This week in Texas music history: Blaze Foley at the Austin Outhouse

A singer-songwriter’s singer-songwriter sets the outhouse ablaze.

By Jason Mellard, The Center for Texas Music History at Texas State UniversityDecember 15, 2025 1:49 pm, , ,

In Dec. 1988, singer-songwriter Blaze Foley played the Austin Outhouse for the last time, an appearance later released as a live album.

His birthday falls this week, too – born Dec. 18, 1949, in Arkansas.

Foley grew up in San Antonio, Dallas-Fort Worth, and around the South. He wandered further after dropping out of high school – a drifter, biker, roadie, and songwriter. His songcraft flowered after settling in Georgia, living in a tree house with partner and muse Sybil Rosen.

Foley moved to Austin in 1977, the progressive country boom years, and became a stalwart in spots like Emmajoe’s, Spellman’s Lounge, Hole in the Wall, and the Austin Outhouse. He grew close there to another star-crossed songwriter, Townes Van Zandt.

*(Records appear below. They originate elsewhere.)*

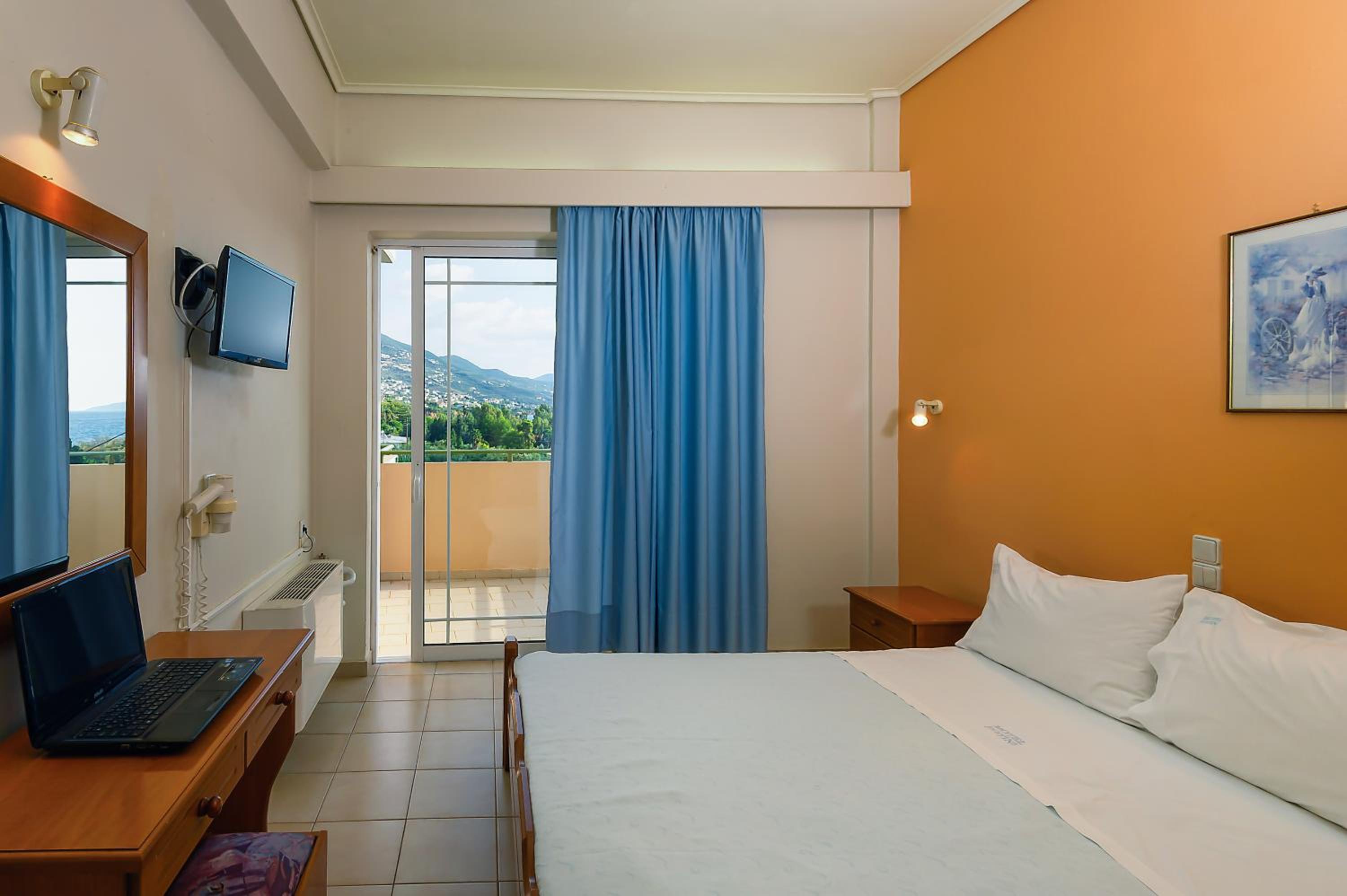 hotel fotini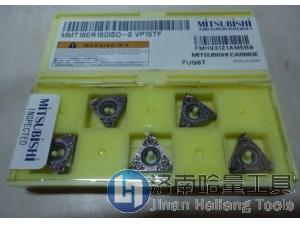 LP	轻切削用	碳钢・合金钢轻切削用第一推荐断屑槽，大前角与较深的断屑槽之间的高低差使其锋利度高。防止与刀片产生粘结，抑制加工面白浊。根据不同程度的切削深度对应凸起的断屑槽，适用于广泛的领域。
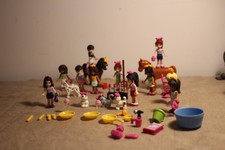 Lot de 17 figurines Lego Friends personnages animaux et accessoires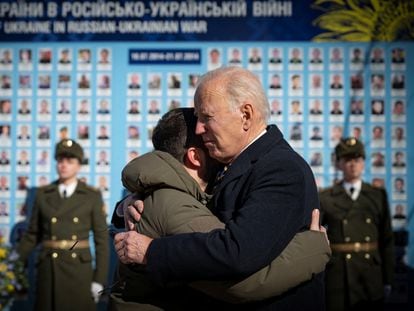 El presidente estadounidense, Joe Biden, era recibido este lunes en Kiev con un abrazo de su homólogo de Ucrania, Volodímir Zelenski.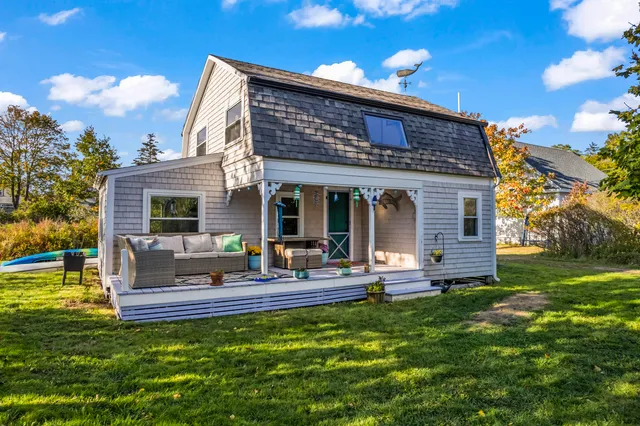 $379,500 | 6 Kane Lane, Harpswell, ME 04079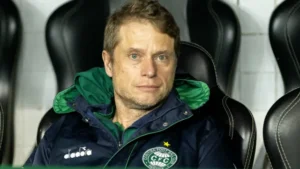 Por que demitir Fernando Seabra foi um grande erro para o Coritiba?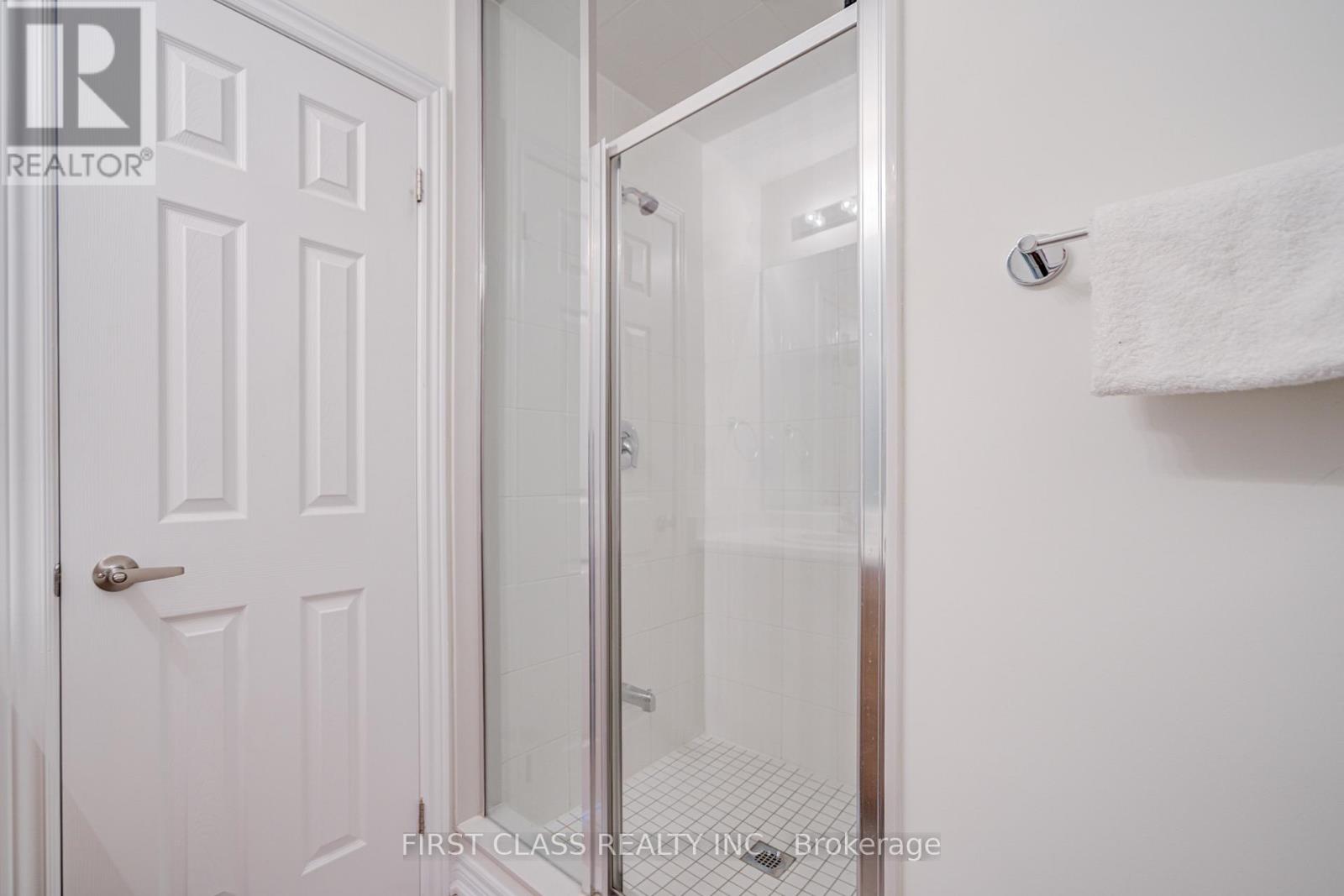 2867 Whites Road, Pickering, Ontario  L1X 2R4 - Photo 20 - E12482065
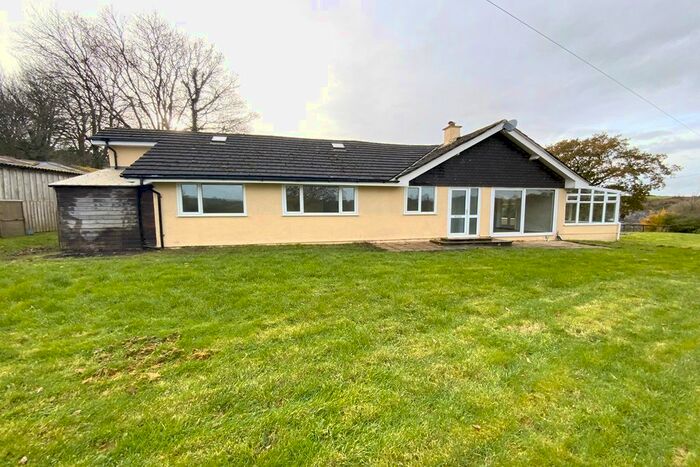 4 Bedroom Detached Bungalow To Rent In Quither, Milton Abbot, PL19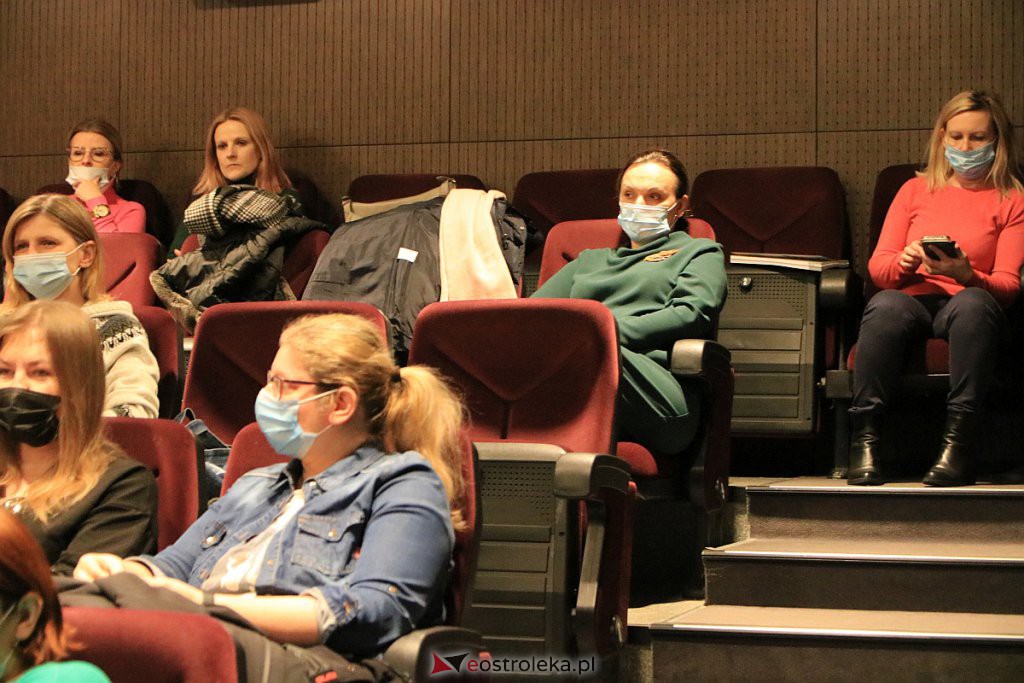 „Wsparcie psychologiczne w edukacji filmowej”. Nauczyciele obejrzeli Cmon Cmon [31.01.2022] - zdjęcie #6 - eOstroleka.pl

Their hard-luck drifter ways drew them together, but their lyrical gifts cemented the relationship.

Blaze and Townes could plumb the depths of human despair in one stanza and pivot to absurd silliness in the next. Foley’s craft shone in such songs as “If I Could Only Fly,” “Clay Pigeons,” and “Election Day,” but missed opportunities abounded. In 1984, he recorded an album in Muscle Shoals, but it didn’t see the light of day.

Willie Nelson and Merle Haggard recorded “If Only I Could Fly,” but it didn’t take off like the duo’s cover of Van Zandt’s “Pancho and Lefty.” Foley remained a hometown hero, though – a songwriter’s songwriter, known for the duct tape holding his boots together and sleeping rough under pool tables.

In Feb. 1989, Blaze Foley lost his life in an altercation in South Austin, defending an elderly friend.

Lyle Lovett, John Prine, Gurf Morlix, and Lucinda Williams covered his songs and sung his praises in later years. Ethan Hawke told his story on screen in 2018.

“Live at the Austin Outhouse” captures the city’s poet in his prime – rough and raw and ready.

Sources

Michael Corcoran. Austin Music is a Scene Not a Sound: An Illustrated History of the First 100 Years. Fort Worth: Texas Christian University Press, 2024.

Sybil Rosen. Living in the Woods in a Tree: Remembering Blaze Foley. Denton: University of North Texas Press, 2017.

Cheryl L. Simon and Laurie E. Jasinski in Laurie E. Jasinski, Gary Hartman, Casey Monahan, and Ann T. Smith, eds. The Handbook of Texas Music. Second Edition. Denton, TX: Texas State Historical Association, 2012.